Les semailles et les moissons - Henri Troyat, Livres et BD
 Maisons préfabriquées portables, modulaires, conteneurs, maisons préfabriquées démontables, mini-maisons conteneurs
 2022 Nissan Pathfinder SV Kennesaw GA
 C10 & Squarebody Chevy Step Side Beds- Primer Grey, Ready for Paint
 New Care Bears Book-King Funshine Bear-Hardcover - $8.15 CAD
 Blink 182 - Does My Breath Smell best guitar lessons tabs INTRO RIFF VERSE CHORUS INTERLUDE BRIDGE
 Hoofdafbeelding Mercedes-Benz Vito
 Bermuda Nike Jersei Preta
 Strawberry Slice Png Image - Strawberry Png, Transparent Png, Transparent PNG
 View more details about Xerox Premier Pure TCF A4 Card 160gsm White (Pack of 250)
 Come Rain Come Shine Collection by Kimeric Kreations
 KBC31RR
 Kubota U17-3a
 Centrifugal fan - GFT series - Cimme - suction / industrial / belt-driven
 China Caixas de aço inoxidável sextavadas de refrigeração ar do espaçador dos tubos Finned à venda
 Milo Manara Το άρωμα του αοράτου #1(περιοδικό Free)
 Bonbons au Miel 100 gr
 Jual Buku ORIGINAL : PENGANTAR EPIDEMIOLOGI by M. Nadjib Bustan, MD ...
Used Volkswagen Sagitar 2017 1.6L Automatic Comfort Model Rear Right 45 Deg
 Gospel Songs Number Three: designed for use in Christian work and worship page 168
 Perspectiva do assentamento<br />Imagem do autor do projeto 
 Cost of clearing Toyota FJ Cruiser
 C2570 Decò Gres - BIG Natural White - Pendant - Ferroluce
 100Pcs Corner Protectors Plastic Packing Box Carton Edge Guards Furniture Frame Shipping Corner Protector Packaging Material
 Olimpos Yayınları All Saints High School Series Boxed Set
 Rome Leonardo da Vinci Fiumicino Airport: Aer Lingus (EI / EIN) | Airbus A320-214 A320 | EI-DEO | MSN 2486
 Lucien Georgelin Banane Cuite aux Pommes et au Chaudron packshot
──────────
→ **Task requirements**
Find each line in the records above that contains "White", and copy it.

→ **Expected output**
 View more details about Xerox Premier Pure TCF A4 Card 160gsm White (Pack of 250)
 C2570 Decò Gres - BIG Natural White - Pendant - Ferroluce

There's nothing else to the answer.